**EXTRACTED MATERIAL**
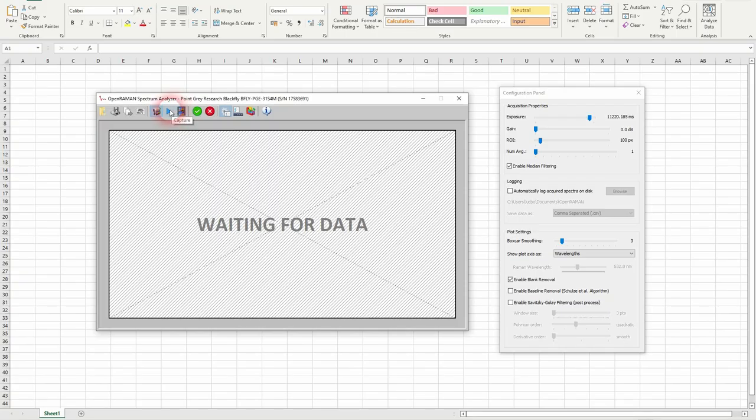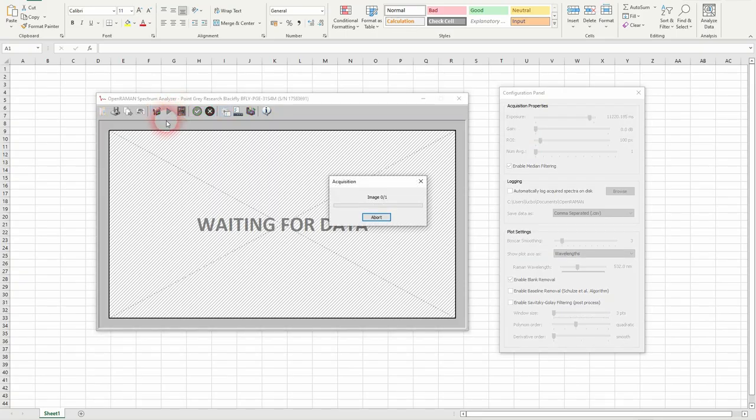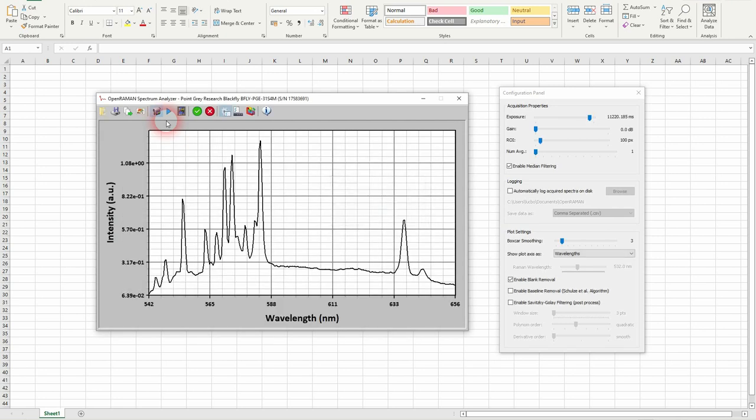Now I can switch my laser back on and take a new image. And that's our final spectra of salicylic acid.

---

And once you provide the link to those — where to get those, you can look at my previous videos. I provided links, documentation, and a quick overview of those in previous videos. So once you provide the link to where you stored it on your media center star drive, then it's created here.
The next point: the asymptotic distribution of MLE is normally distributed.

**INSTRUCTIONS TO FOLLOW**
Out of the data above, set down the lines from the one with "And once you" to the one with "The next point: the", both included, exactly as written and with no additions.

**EXERCISE OUTPUT**
And once you provide the link to those — where to get those, you can look at my previous videos. I provided links, documentation, and a quick overview of those in previous videos. So once you provide the link to where you stored it on your media center star drive, then it's created here.
The next point: the asymptotic distribution of MLE is normally distributed.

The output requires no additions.